Y A R G I T A Y K A R A R I
Davacı, “Sıraevler”"sitesinden almış olduğu bağımsız bölümde zaman içerisinde konutun dış cephe boyasında hatalı imalatlar nedeniyle çatlamalar ve dökülmeler oluştuğunu ileri sürerek ayıplı imalat nedeniyle meydana gelen zarara ilişkin olarak fazlaya ilişkin hakları saklı kalmak kaydıyla 8.000.00.TL talep etmiş olup, ıslah ile toplam 8.880.08 TL" nin yasal faizi ile birlikte davalıdan tahsiline karar verilmesini istemiştir. Davalı, ayıp ihbar mükellefiyetinin süresinde yerine getirilmediğini savunarak davanın reddini dilemiştir. Mahkemece, bozma ilamına uyularak yapılan yargılama sonucu davanın kabulüne karar verilmiş; hüküm, davalı tarafından temyiz edilmiştir. 1-Mahkemece, bozma ilamına uyulmasından sonra bilirkişiden rapor alınmış, bozma ilamında gizli ayıpların ne kadar sürede ortaya çıkabileceğinin belirlenerek ayıp ihbarı yönünde inceleme yapılması gerektiği belirtilmesine rağmen ""hasarın meydana çıkışı ile ilgili bir süre tahmininde bulunmanın mümkün bulunmadığı, ortaya çıkma süresinin değişebileceği "" şeklinde bozmada belirtilen niteliklere aykırı şekilde belirsiz ifadeler kullanılan rapor doğrultusunda hüküm kurulmuştur.

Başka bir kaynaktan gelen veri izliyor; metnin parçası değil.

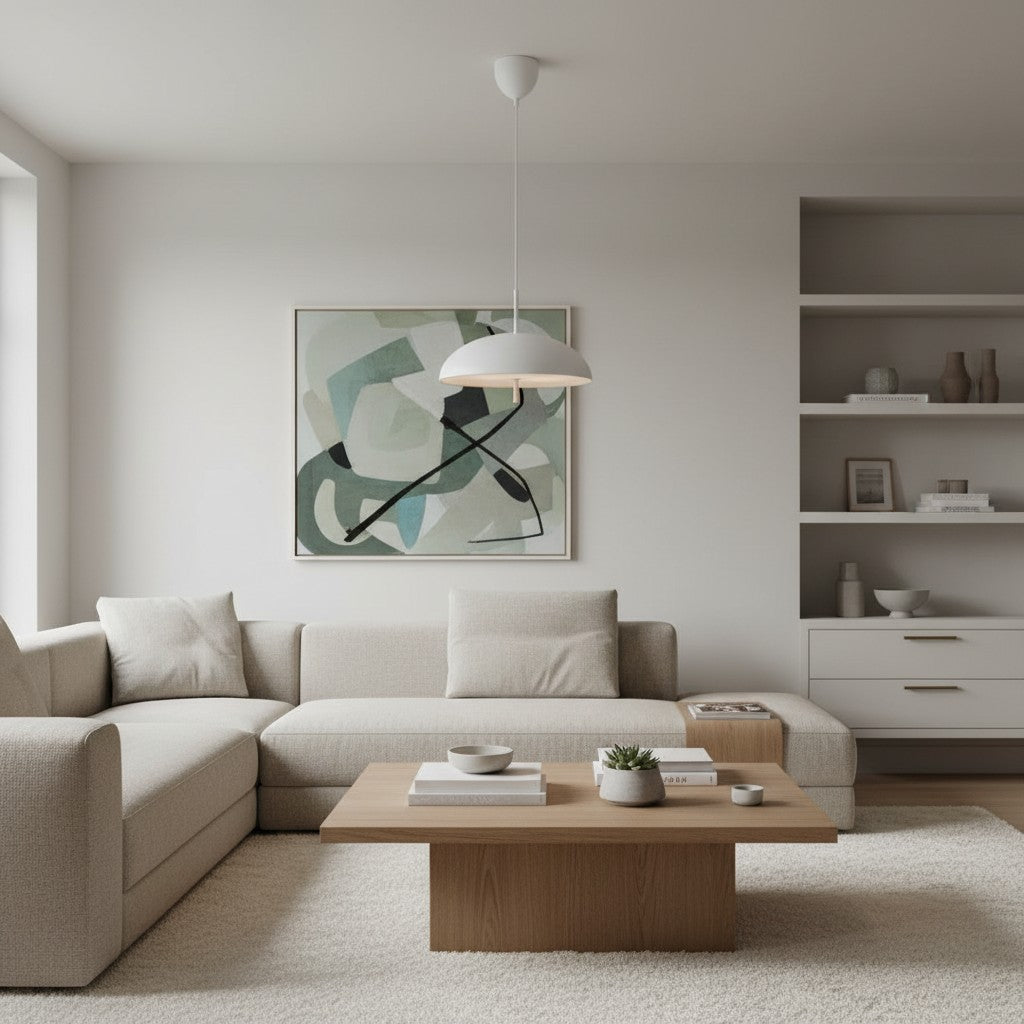 Aurelia Pendant Lamp - Sculptural Metal Frame with Sleek Shade for Dining and Entry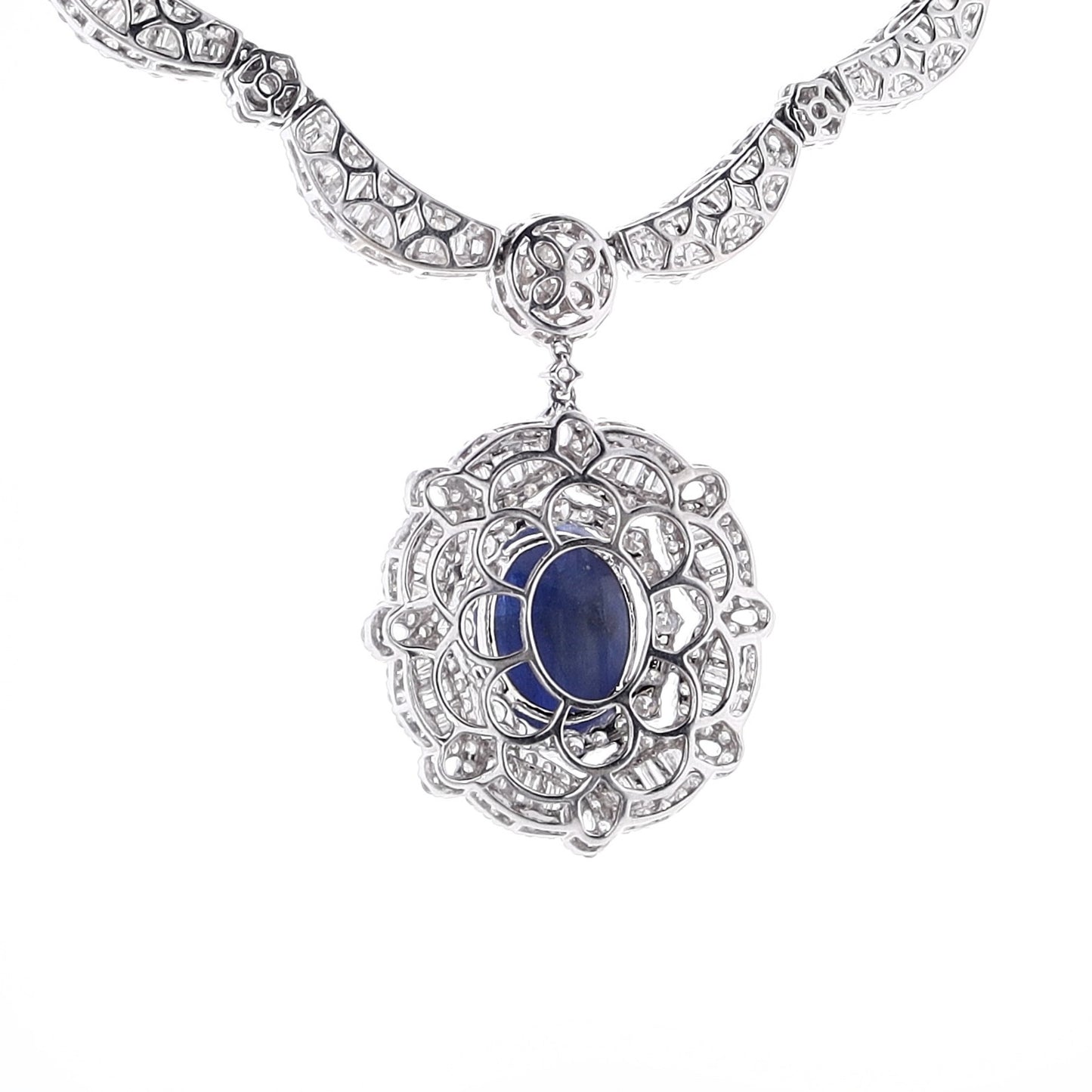 Estate 18k White Gold Star Sapphire and Diamond Scallop Design 16" Necklace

Bozma ilamına uyulması halinde, bozma doğrultusunda taraflar lehine usuli kazanılmış hak doğar, bu aşamadan sonra bozmanın gereklerinin yerine getirilmesi zorunludur. Davalı Toki nin itirazlarını karşılar nitelikte yeterli bir bilirkişi incelemesi bulunmadığı, karara esas alınan bilirkişi raporunun denetime imkan verir nitelikte gerekçelendirilmediği ve karara esas alınamayacağı anlaşılmaktadır. Hâl böyle olunca, bu rapora itibar edilerek hüküm kurulamaz. Bu durumda mahkemece, davalı vekilinin rapora itirazlarını karşılar biçimde önceki bilirkişi dışında oluşturulacak üç kişilik bilirkişi heyetinden taraf ve Yargıtay denetimine elverişli yeni bir rapor alınarak, varılacak sonuca göre bir karar verilmesi gerekirken, eksik inceleme ile yazılı şekilde karar verilmesi doğru görülmemiş, bozmayı gerektirmiştir. 2-Bozma nedenlerine göre, davalının diğer temyiz itirazlarının bu aşamada incelenmesine gerek görülmemiştir. SONUÇ: Yukarıda birinci bentte açıklanan nedenlerle hükmün davalı yararına BOZULMASINA, ikinci bentte açıklanan nedenle davalı tarafın diğer temyiz itirazlarının incelenmesine şimdilik yer olmadığına, peşin harcın istek halinde iadesine, 6100 sayılı HMK"nun geçici madde 3 atfıyla 1086 sayılı HUMK"nun 440.maddesi gereğince karar düzeltme yolu kapalı olmak üzere, 28/09/2020 gününde oybirliğiyle karar verildi.